As the Clarion-Ledger says, “It’s inconvenient art. And how to present works of art that have historical value but are sometimes painfully out of step with modern sensibilities can be an issue for communities.” I actually thought the article did a good job of looking at the issue from a broad perspective, not just this one mural but many different kinds of significant art. For our purposes, as preservationists, many of the issues raised in the article could also deal just as well with different kinds of historic buildings–for instance, what about slave quarters? slave markets? Farish Street (or any other formerly segregrated area of our towns and cities)? Should we preserve the legacy of segregation that those neighborhoods represent?
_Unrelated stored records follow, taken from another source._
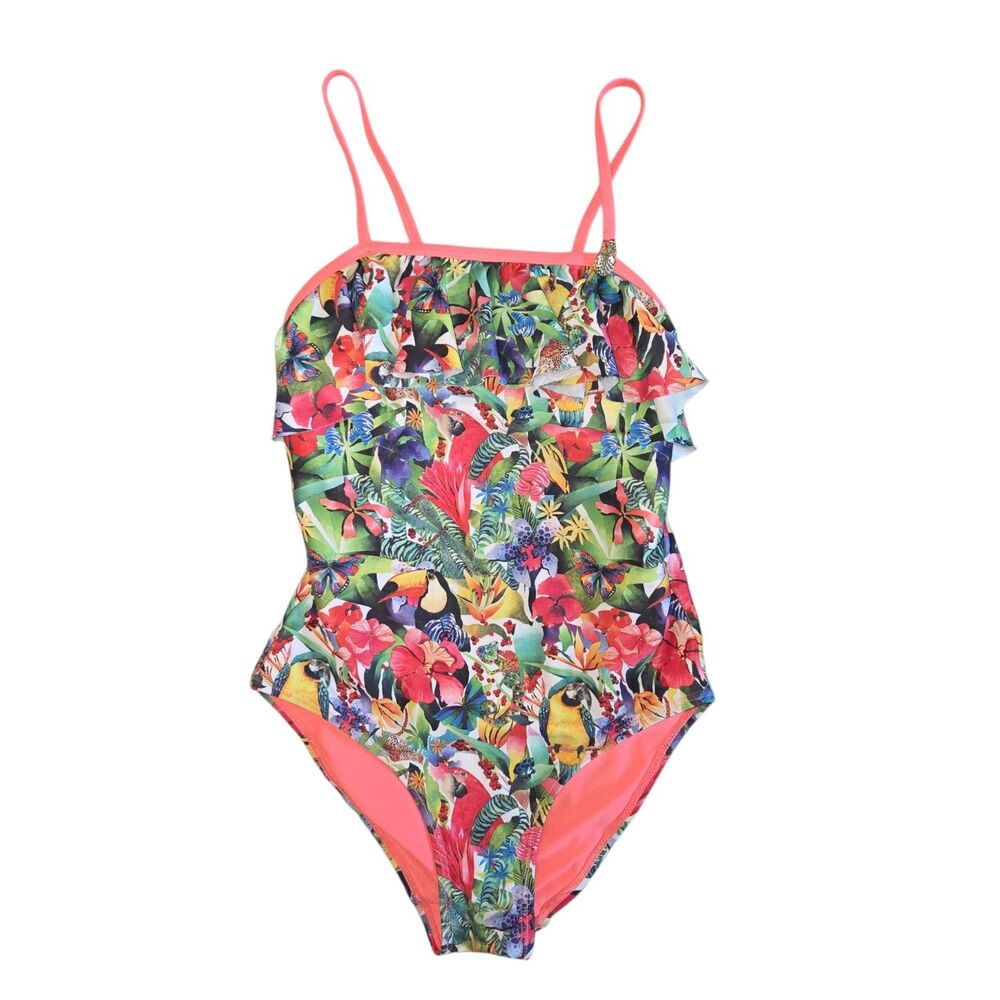 H&M x Kate Morgan Studio Girls Tropical Jungle Swimsuit Size 8-10 Toucan Leopard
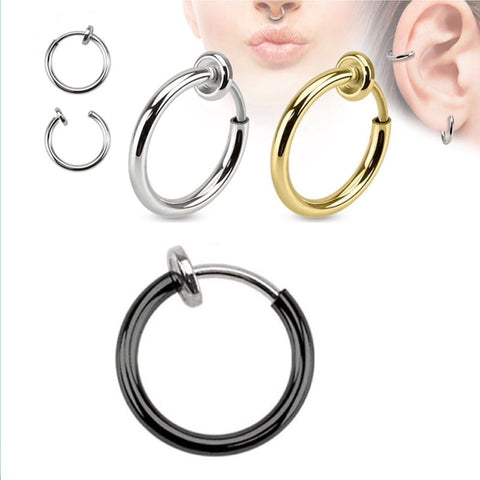 New LNRRABC 2pcs Invisible No Ear Hole Earrings Clip Nose Ring Belly Button Ring For Punk Wind Jewelry Accessories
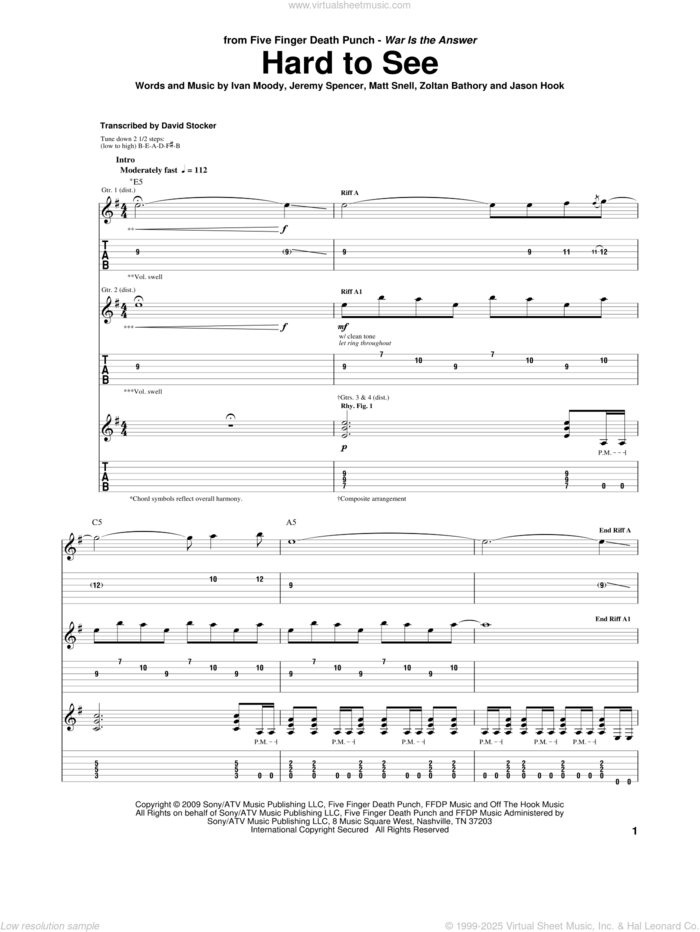 Hard To See sheet music for guitar (tablature) by Five Finger Death Punch, Ivan Moody, Jason Hook, Jeremy Spencer, Matthew Snell and Zoltan Bathory, intermediate skill level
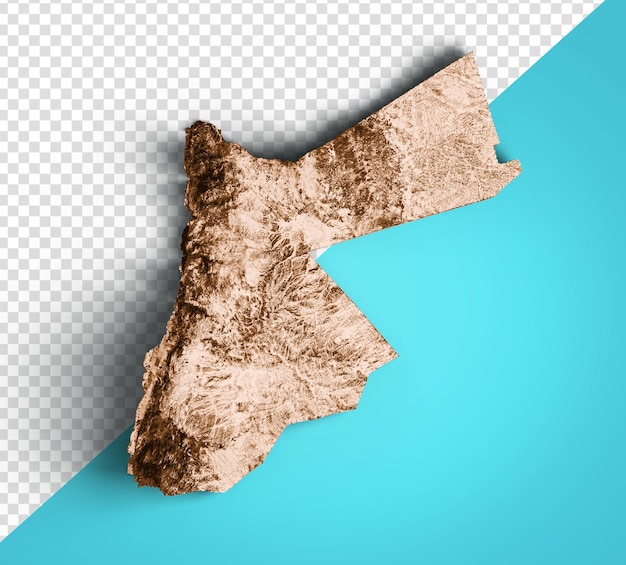 Jordan Topographic Map 3d realistic 3d illustration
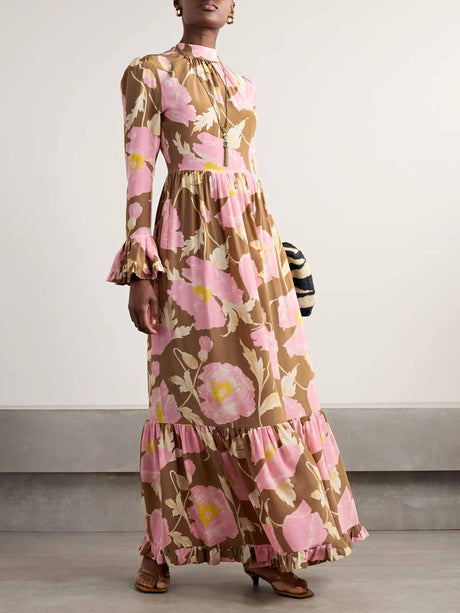 Aurohaya Retro Tiered Ruffled Floral Print Maxi Dress Brown & pink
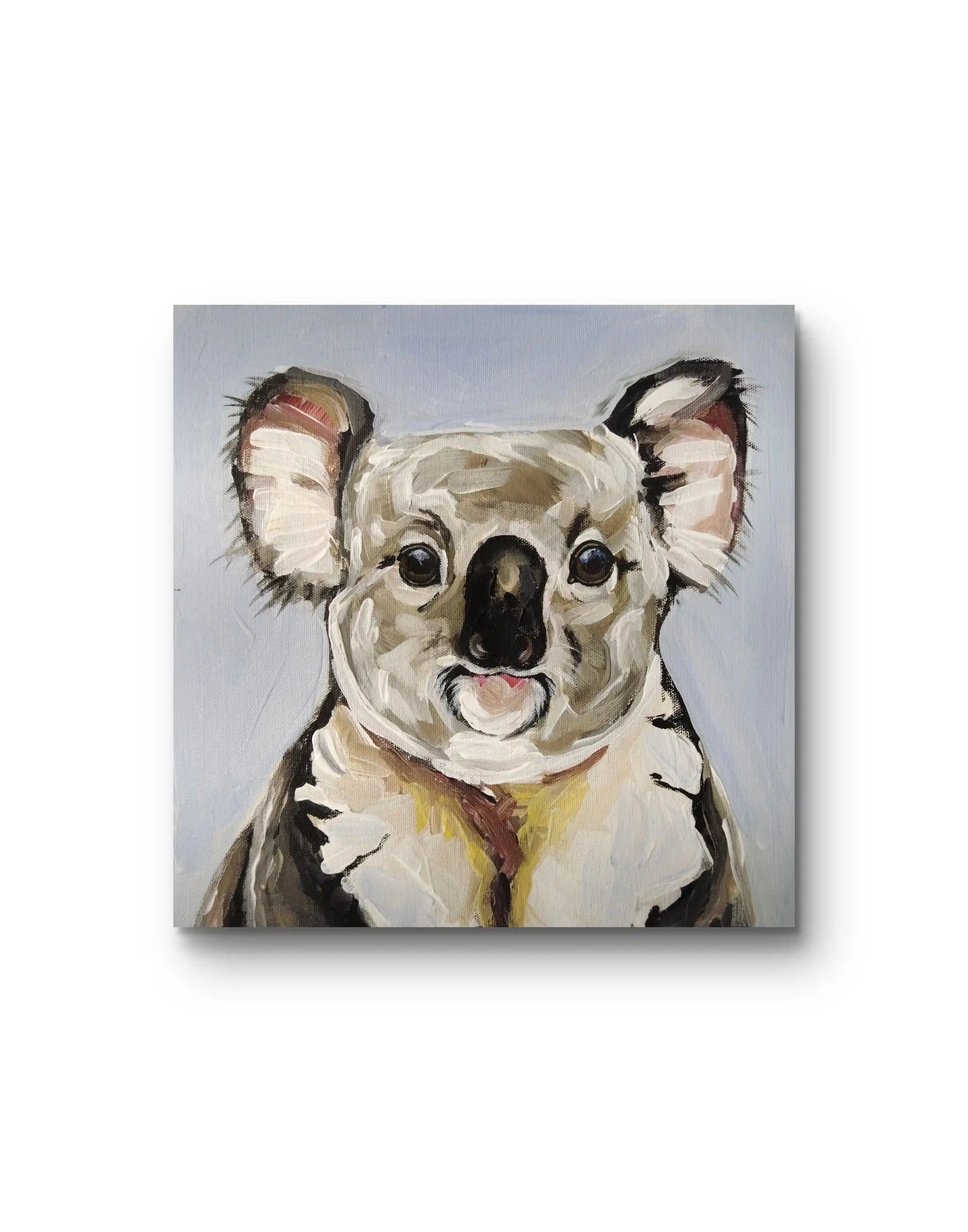 Koala Tierportrait Acrylbild auf Leinwand, ruhige Stimmung, Wanddeko für Schlafzimmer oder Kinderzimmer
One thing that sticks in my craw about the federal courthouse mural is that it wasn’t painted by a Mississippian or even a native of this country. The artist was a Russian immigrant living in New York City, and the feds picked him over Walter Anderson, the famously individualistic Ocean Springs artist who was favored by architect Emmett J. Hull (husband of artist Marie Hull) and the rest of the local committee in charge of choosing the artist. It would be interesting to see if we would be dealing with this “inconvenient art” today if the local committee had had its way. Here’s a link to the sketch that Anderson presented to the committee. I admit it’s not my taste, but I don’t see anything overtly racist or stereotypical like I do in the current mural. Who knows whether the local guy would have been able to present a more nuanced and sympathetic mural than the guy from Russia who I’m sure was a good artist but who had no knowledge of Mississippi?